The Great Britain women's national ball hockey team, also known by the nickname Team GB, represents the United Kingdom in international ball hockey competition. The team is organized by Ball Hockey UK (BHUK) – a member of the International Street and Ball Hockey Federation (ISBHF) – and participates in the Ball Hockey World Championship.

==World Championship==
Great Britain debuted at the 2011 Ball Hockey World Championship and has participated in every subsequent holding. Their best result is fifth place, which they have achieved four times.

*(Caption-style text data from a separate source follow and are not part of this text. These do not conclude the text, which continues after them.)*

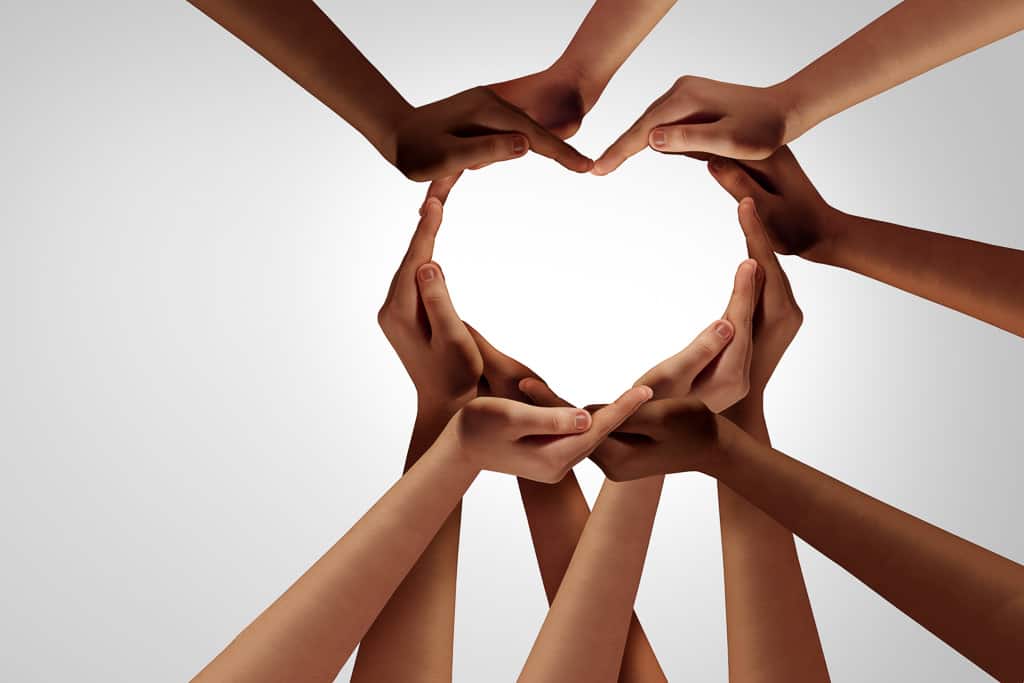 Helping Hands Nursing Service Home Health Care, LLC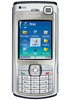 Nokia N70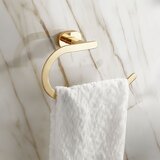 REA Bath Držač za ručnike Rea Til Gold | shoptok.hr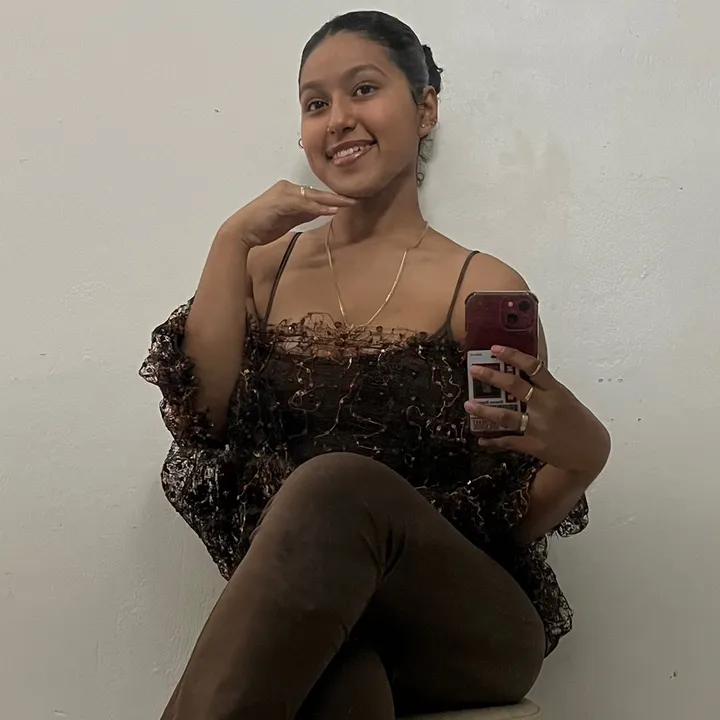 la_colocha._ruby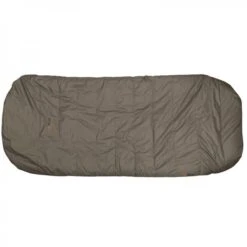 Fox Ven-Tec Ripstop 5 Season Sleeping Bag XL -Vissen Winkel 117985011053Fox Ven Tec Ripstop 5 Season Sleeping Bag XL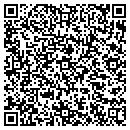 QR code with Concord Management contacts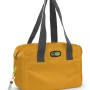 Borsa termica Vela+ 12 l colori assortiti_3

| Year | Location | Result |
|---|---|---|
| 2011 | Bratislava, Slovakia | 8th |
| 2013 | St. John's, Canada | 7th |
| 2015 | Zug, Switzerland | 7th |
| 2017 | Pardubice, Czech Republic | 6th |
| 2019 | Košice, Slovakia | 5th |
| 2022 | Laval, Canada | 5th |
| 2024 | Visp and Raron, Switzerland | 5th |
| 2026 | Ostrava, Czech Republic | 5th |

==Team==

===Head coaches===
- 2013: Matt Darlow
- 2015: Carl Wood
- 2017: Carl Wood
- 2019: Luke Browne
- 2022: Ali Cree
- 2024: Ali Cree
- 2026: coaching team
 Becky Kasner-Wood (player-coach)
 Amanda Murdoch (coach)
 Stephanie Towns (player-coach)

===Captains===
- 2013: Deana Cuglietta
- 2015: Dana Cuglietta & Rachel Serrell
- 2026: Abbie Culshaw

==Awards and honors==
===World Championship===

====All Star selections====
The tournament organizing committee of each Ball Hockey World Championship announces the selection of five players to the All-Star Team – one goalkeeper, two defenders, and three forwards.
- 2017: Rachel Jackson (G)
- 2019: Samantha Bolwell (G)
- 2024: Casey Traill (D)

====Fair play====
Team GB received the World Championship fair-play award in 2017 for their sportsmanship. The fair-play award recognized the team with the fewest penalties issued at the World Championship.